# Instructions to follow
An exact copy of all the data is required, with pictures left out.

# Information shown
# # #

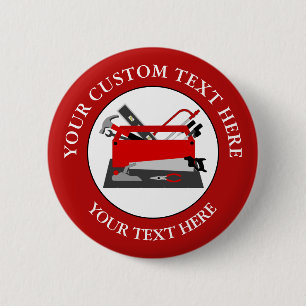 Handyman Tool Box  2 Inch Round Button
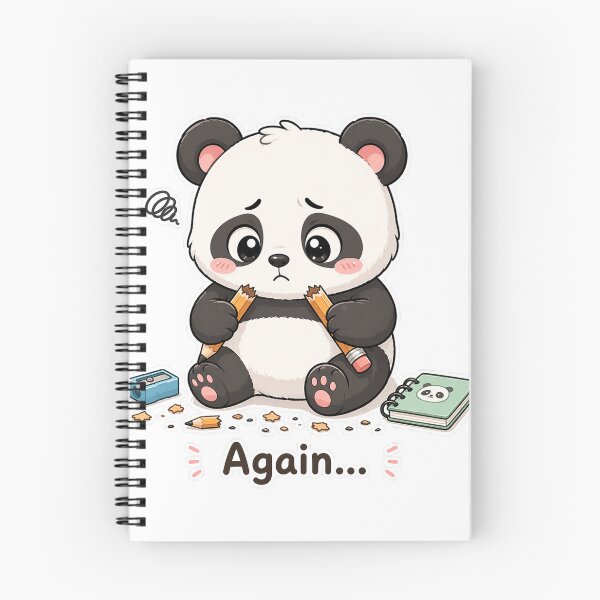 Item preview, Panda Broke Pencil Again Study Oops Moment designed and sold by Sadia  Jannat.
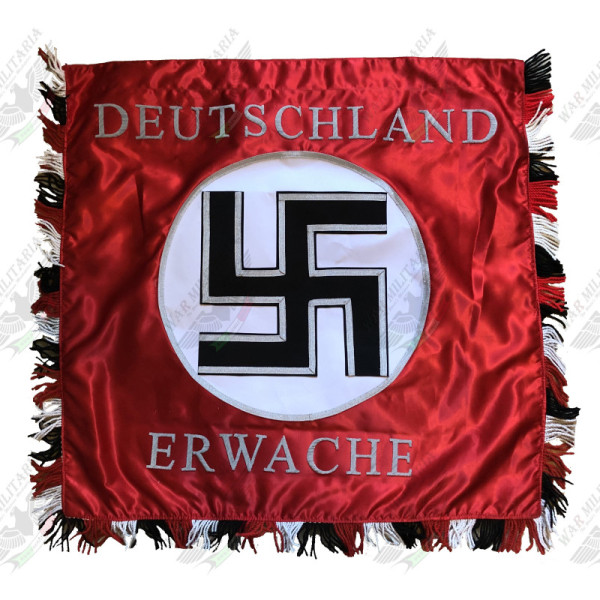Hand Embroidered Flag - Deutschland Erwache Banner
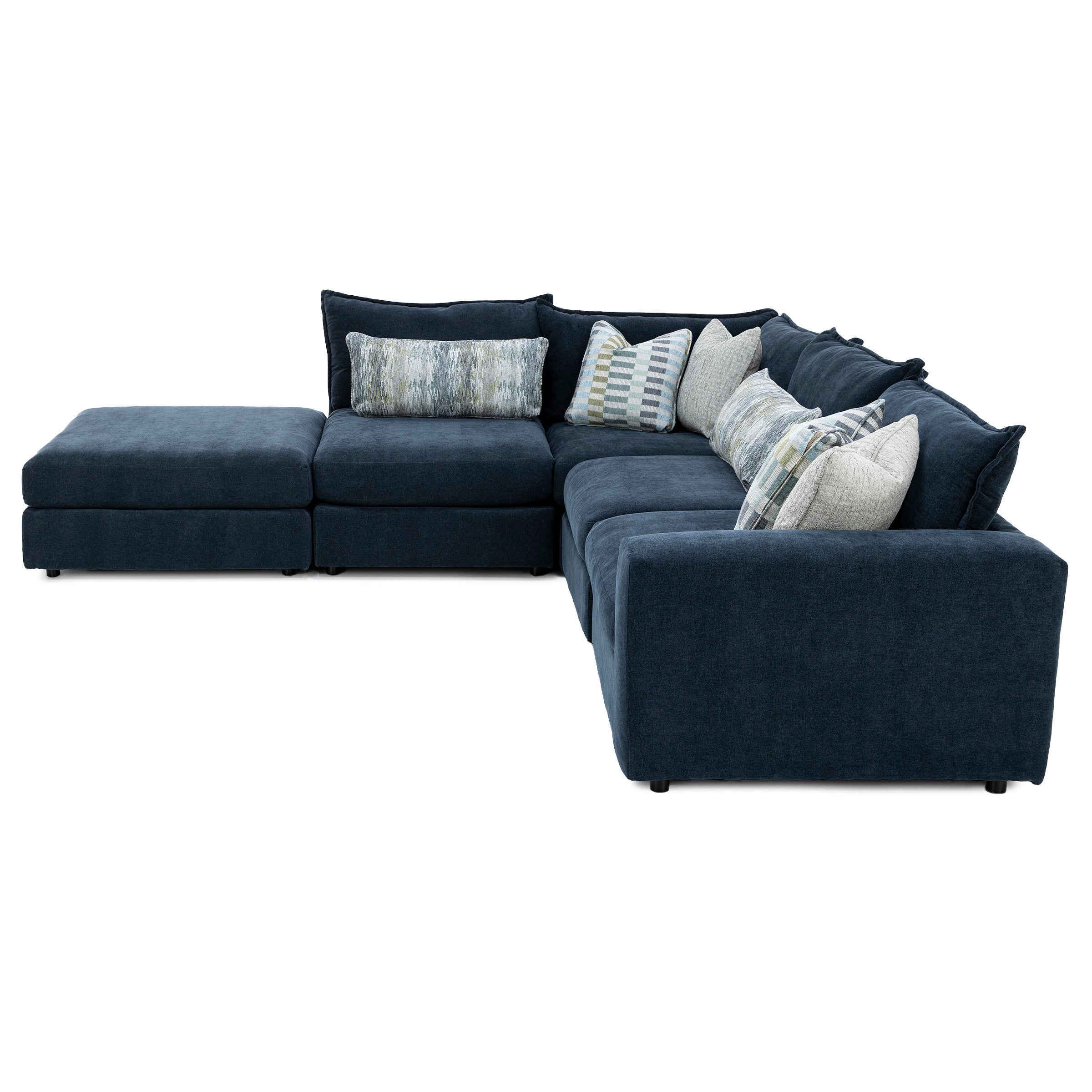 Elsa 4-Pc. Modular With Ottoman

# # #

# Written solution
 Handyman Tool Box  2 Inch Round Button
 Item preview, Panda Broke Pencil Again Study Oops Moment designed and sold by Sadia  Jannat.
Hand Embroidered Flag - Deutschland Erwache Banner
 Elsa 4-Pc. Modular With Ottoman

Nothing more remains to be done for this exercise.